On 7/18/19 11:56 AM, Daniel Henrique Barboza wrote:
On 7/18/19 12:29 PM, Laine Stump wrote:
> On 7/18/19 10:29 AM, Daniel Henrique Barboza wrote:
>> Hi,
>>
>> I have a PoC that enables partial coldplug assignment of multifunction
>> PCI devices with managed mode. At this moment, Libvirt can't handle
>> this scenario - the code will detach only the hostdevs from the XML,
>> when in fact the whole IOMMU needs to be detached. This can be
>> verified by the fact that Libvirt handles the unmanaged scenario
>> well, as long as the user detaches the whole IOMMU beforehand.
>>
>> I have played with 2 approaches. The one I am planning to contribute
>> back is a change inside virHostdevGetPCIHostDeviceList(), that
>> adds the extra PCI devices for detach/re-attach in case a PCI
>> Multifunction device in managed mode is presented in the XML.
>
>
> If you're thinking of doing that automatically, then I should warn
> you that we had discussed that a long time ago, and decided that it
> was a bad idea to do it because it was likely someone would, e.g. try
> to assign an audio device to their guest that happened to be one
> function on a multifunction device that also contained a disk
> controller (or some other device) that the host needed for proper
> operation.
>
>
Let's say that I have a Multi PCI card with 4 functions, and I want a
guest to use
only the function 0 of that card. At this moment, I'm only able to do
that if I
manually execute nodedev-detach on all 4 functions beforehand and use
function
0 as a hostdev with managed=false.
What I've implemented is a way of doing the detach/re-attach of the
whole IOMMU
for the user, if the hostdev is set with managed=true (and perhaps I
should also
consider verifying the 'multifunction=yes' attribute as well, for more
clarity).
I am not trying to assign all the IOMMU devices to the guest - not
sure if that's
what you were talking about up there, but I'm happy to emphasize
that's not
the case.
No, we're talking about the same thing. We specifically talked about the
possibility of doing exactly this several years ago, and decided against it.

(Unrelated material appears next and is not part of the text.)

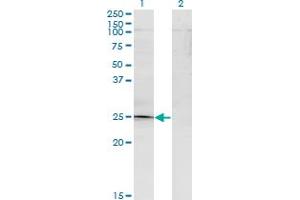 Western Blotting (WB) image for anti-TGFB-Induced Factor Homeobox 2 (TGIF2) (AA 1-238) antibody (ABIN961323)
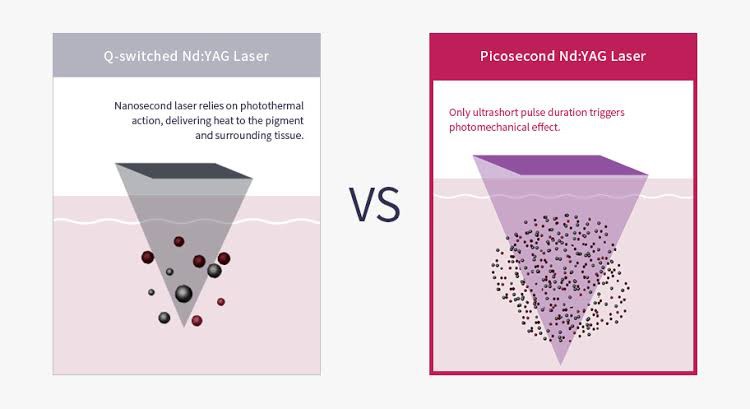 เทคนิครักษากระโฮริ กระลึก ปานโฮริ (Hori's nevus) ด้วยเลเซอร์ Discovery Picosecond Laser เทคนิครักษากระโฮริ กระลึก ปานโฮริ (Hori's nevus) ด้วยเลเซอร์ Discovery Picosecond Laser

Now, yes, if the user is unaware of the consequences of detaching all
devices
of the IOMMU from the host, bad things can happen. If that's what
you're saying,
fair enough. I can make an argument about how we can't shield the user
from
his/her own 'unawareness' forever, but in the end it's better to be on
the safe
side.
We really shouldn't do anything with any host device if it's not
explicitly given in the config.
> It may be that in *your* particular case, you understand that the
> functions you don't want to assign to the guest are not otherwise
> used, and it's not dangerous to suddenly detach them from their host
> driver. But you can't assume that will always be the case.
>
>
> If you *really* can't accept just assigning all the devices in that
> IOMMU group to the guest (thus making them all explicitly listed in
> the config, and obvious to the administrator that they won't be
> available on the host) and simply not using them, then you either
> need to separately detach those particular functions from the host,
> or come up with a way of having the domain config explicitly list
> them as "detached from the host but not actually attached to the guest".
>
I can live with that - it will automate the detach/re-attach process,
which is
my goal here, and it force the user to know exactly what is going to
be detached
from the host, minimizing errors. If no one is against adding an extra
parameter 'unassigned=true' to the hostdev in these cases, I can make this
happen.
I don't have any idealogical opinion against that (maybe there's a
better name for the attribute, but I can't think of it).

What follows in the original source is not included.